The goods news is that the company is chipping away at its debt, and since it derives 97% of its revenue from oil (mostly Gulf Coast), rising oil prices this year could bump up cash flow, allowing it to accelerate debt repayment plans and improve its profitability.

Denbury has generated more than $600 million in free cash flow over the past five years, including $44 million during Q3 2019. That's allowed it to reduce debt by $1.2 billion since 2014 to roughly $2.5 billion exiting the third quarter.

The company also announced in December that it's selling 50% of its interest in assets generating approximately 1,050 barrels of oil equivalent per day (BOE/D) to Navitas Petroleum for $50 million. The deal frees up room in its capital spending budget, because Navitas will take the lead on boosting production at those assets. It also gives Denbury more financial wiggle room. Denbury also thinks a voluntary separation program finalized in December could save it $21 million in employee costs per year, too, giving management even more breathing room.

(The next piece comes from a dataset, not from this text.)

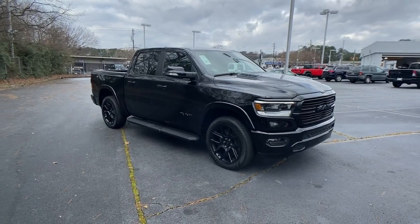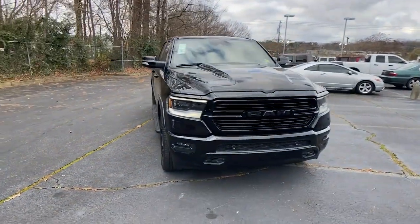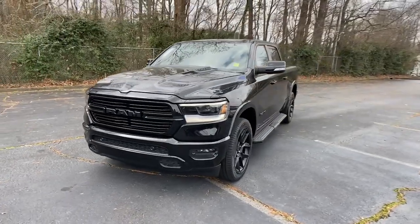The Dodge Ram 1500 — the passenger-friendly pickup with gritty capability, a comfortable ride, and surprising fuel efficiency.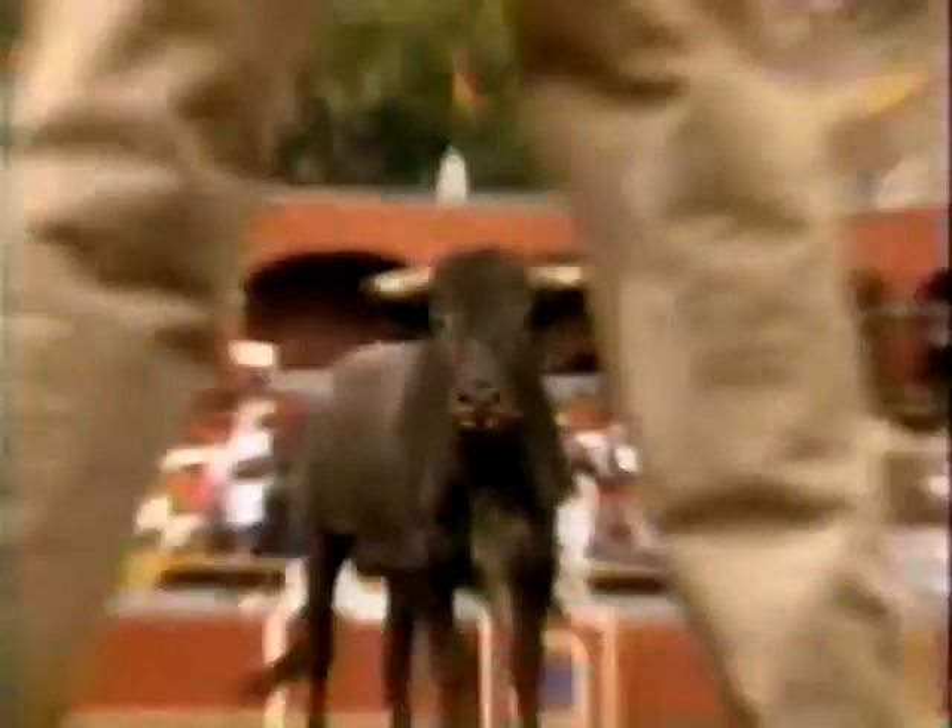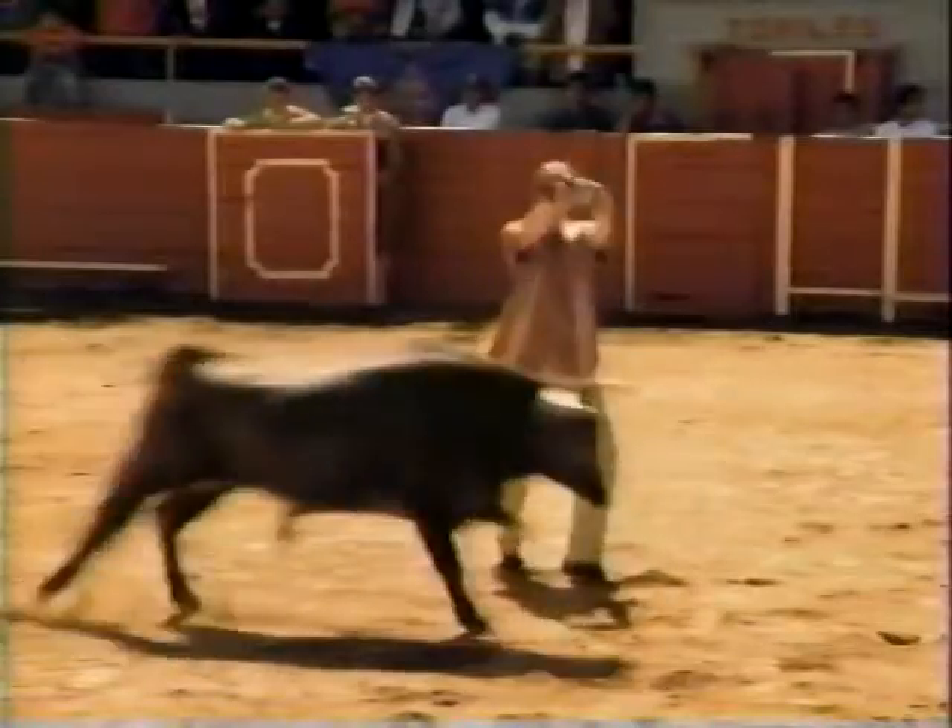Its big-color screen and pivoting lens mean there are no tiny viewfinders or flip-out screens to get in the way. So you can easily get close to the action and get the shots you'd missed with those other camcorders.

Denbury estimates every $5 increase in crude oil prices adds $100 million to annual cash flow, so the company could make even more progress toward improving its balance sheet if crude prices climb in 2020. Given its book value is $2.87 per share, increasing cash flow and less worry over its debt could mean shares march considerably higher.

DNR Chart

DNR data by YCharts.

Increasing offshore production

Debt isn't much of an issue for VAALCO Energy. The company had $57 million in cash and equivalents exiting Q3 2019, compared to just $37 million in total debt. Therefore, VAALCO's upside isn't tied to fixing its balance sheet but to maximizing returns on projects that are increasing its production offshore Gabon.

VAALCO has a 31.1% stake in Etame, an offshore block in West Africa. Etame production averaged 3,081 BPD in Q3 2019, but a new well coming online prompted management to estimate in October that production would exit 2019 at an average daily rate of more than 3,800 barrels per day. In December, management said the new well was exceeding expectations, allowing it to increase its target for end-of-year production by 16% to between 4,500 and 4,700 barrels per day.

And that's not all. VAALCO expects another new Etame well will begin production by the end of January, contributing another 675 BPD to 960 barrels of oil per day. Overall, VAALCO thinks its production can increase 25% in 2020 from 2019. If it does, increasing Brent crude oil prices could send revenue -- and thus shares -- significantly higher.

An offshore rig.

IMAGE SOURCE: GETTY IMAGES.

A restructuring pays off

Hess Corporation's decision to jettison slow-growth fields a few years ago to focus on production in high-return projects could make it the least risky bet of these three, especially since a massive new source of production offshore South America is coming online this year.

In 2017, management pocketed $3.5 billion from spinning off midstream assets and selling mature fields. The capital allowed it to pay down debt, prefund expenses associated with its share of ExxonMobil's (NYSE:XOM) exploration offshore Guyana, and boost drilling activity in the prolific Bakken Shale.

The focus on the Bakken is already paying off. Bakken production averaged 105,000 net BOE/D per day in 2017. In 2018, production grew to 117,000 net BOE/D. And in 2019, estimates are that Bakken production averaged 150,000 per day. Management thinks ongoing activity in the Bakken will result in its production there climbing to 200,000 BOE/D in 2021, resulting in free cash flow of more than $800 million.

But it's not just the Bakken that could make Hess a winner. Hess' 30% stake in ExxonMobil's Stabroek acreage offshore Guyana could be an even bigger driver of success in the future. So far, ExxonMobil's reported 15 discoveries in Stabroek totaling more than 6 billion barrels of recoverable resources. The first phase of Guyana production is underway, and ExxonMobil believes it will be producing at a rate of 120,000 BOE/D in a matter of months. It estimates Stabroek production will exceed 750,000 BOE/D by 2025, increasing Hess' current production by 225,000 BOE/D.

Given Hess' total estimated production of 285,000 BOE/D per day in 2019, Bakken production ramping through 2021, and Guyana production starting, Hess could be a big beneficiary of rising oil prices this year.